- [Assignment] Wherever the listing holds a picture, leave it out, and copy the remainder exactly.

- [Recorded information]

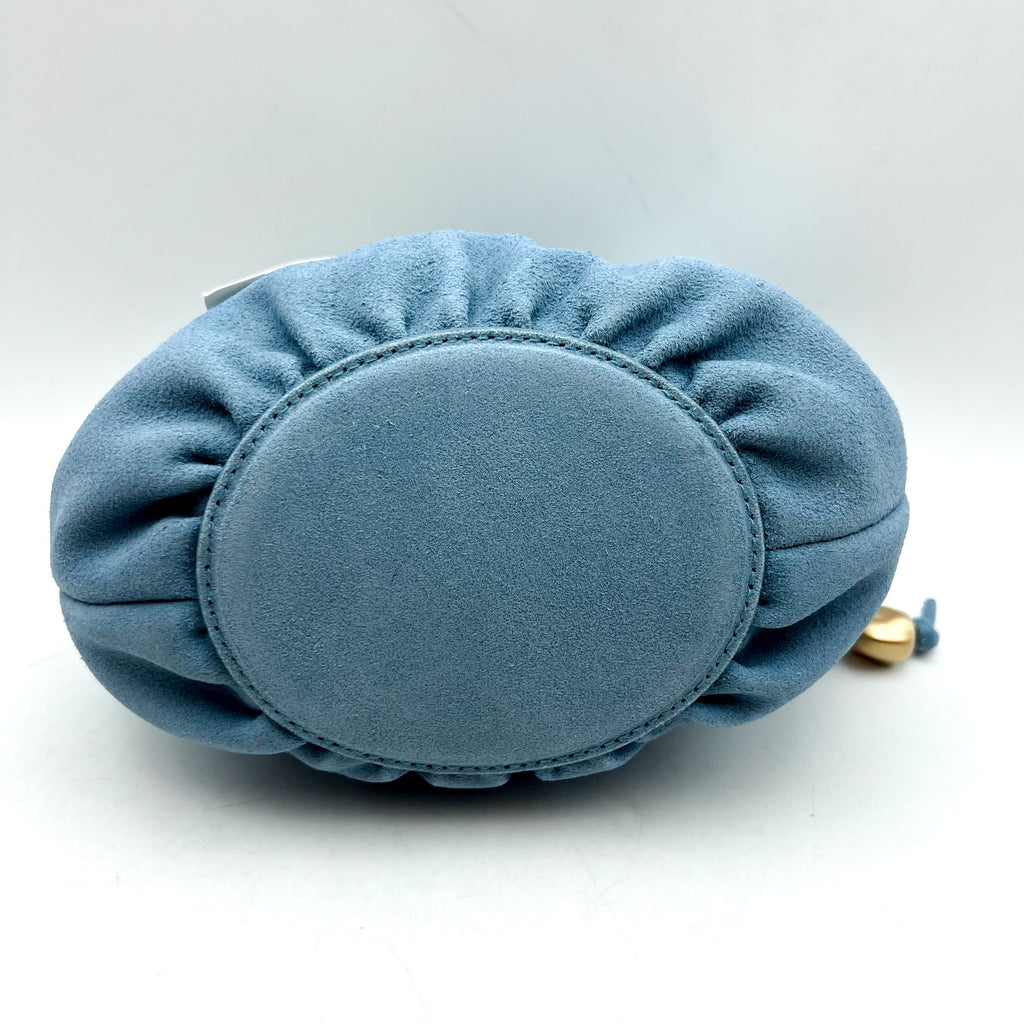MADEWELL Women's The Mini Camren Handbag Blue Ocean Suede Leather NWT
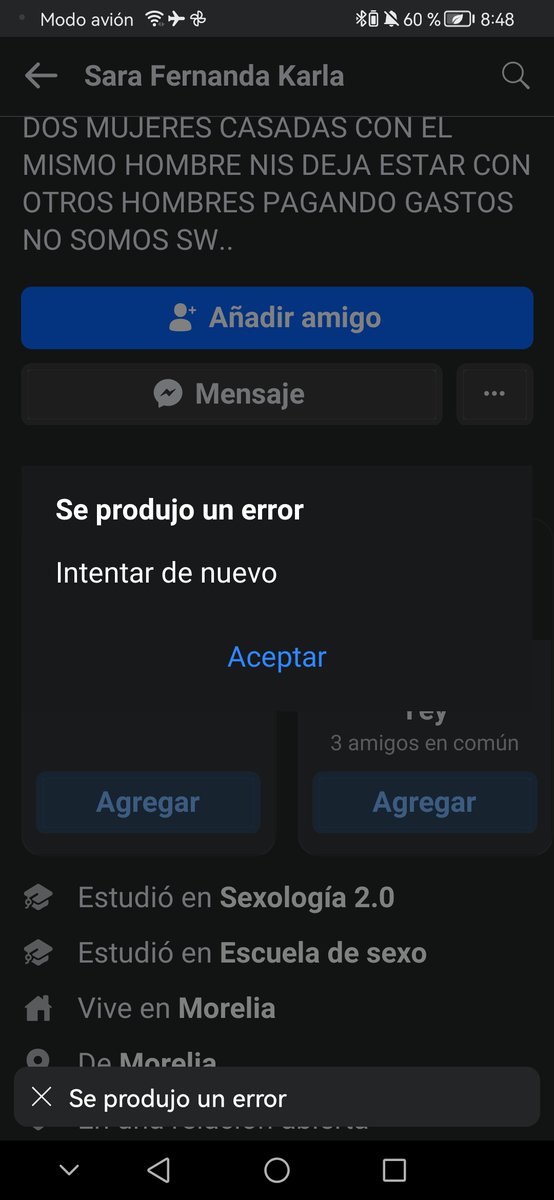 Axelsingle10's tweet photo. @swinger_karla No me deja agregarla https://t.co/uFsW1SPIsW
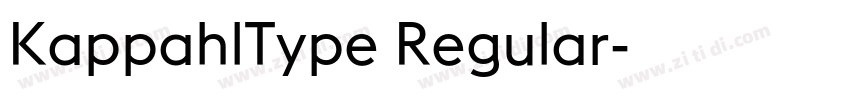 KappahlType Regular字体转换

- [Answer box]
MADEWELL Women's The Mini Camren Handbag Blue Ocean Suede Leather NWT
 Axelsingle10's tweet photo. @swinger_karla No me deja agregarla https://t.co/uFsW1SPIsW
 KappahlType Regular字体转换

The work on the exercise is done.